I have a Black Max Tapco . Which is a heavy duty commercial brake, I brake a lot of steel coil which over time is hard on a Pro 14. A very heavy, weight wise, unit , but it never leaves my trailer. Tapco is all I have ever used. Think both are good brakes. Tapco pull to lock, snap lock, where as the Van Mark push to clamp. hear one time the Van Mark could make a tighter back to back bend , but can't prove it. Think it all comes down you ones likes and dislike on one.


----------



## goneelkn (Jan 9, 2010)

Anyone try the Tapco M2X gauge?? 

https://www.tapcotools.com/products/gauges/m2x


Looks exactly like the Just Bend tool.
https://www.just-bend.com/


----------



## DLynch0009 (Feb 25, 2016)

I'm gonna second the request if anyone has used the M2X. I hadn't ever seen the just bend it or the m2x.
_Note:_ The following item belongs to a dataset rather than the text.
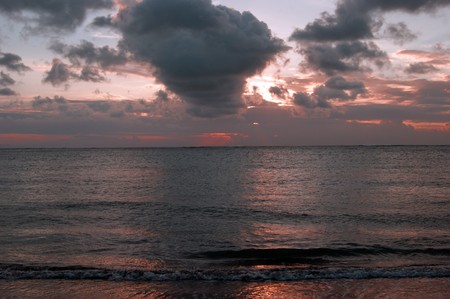 Sunset at coast Bali about the city of Kuta.の写真素材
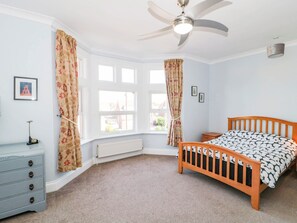 Ein Schlafzimmer mit einem hölzernen Bett, einem Schminktisch, einer Heizung und einem Deckenventilator.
I have a pro19. Will definitely be getting one of the 2. Don't know which one yet. Similar price I'd assume tapcos product would work better with my brake than one meant for multiple brands but I really don't know. Gonna be in touch with my local supplier in the morning to see if I can get a better price.

Sent from my Pixel 3 using Tapatalk


----------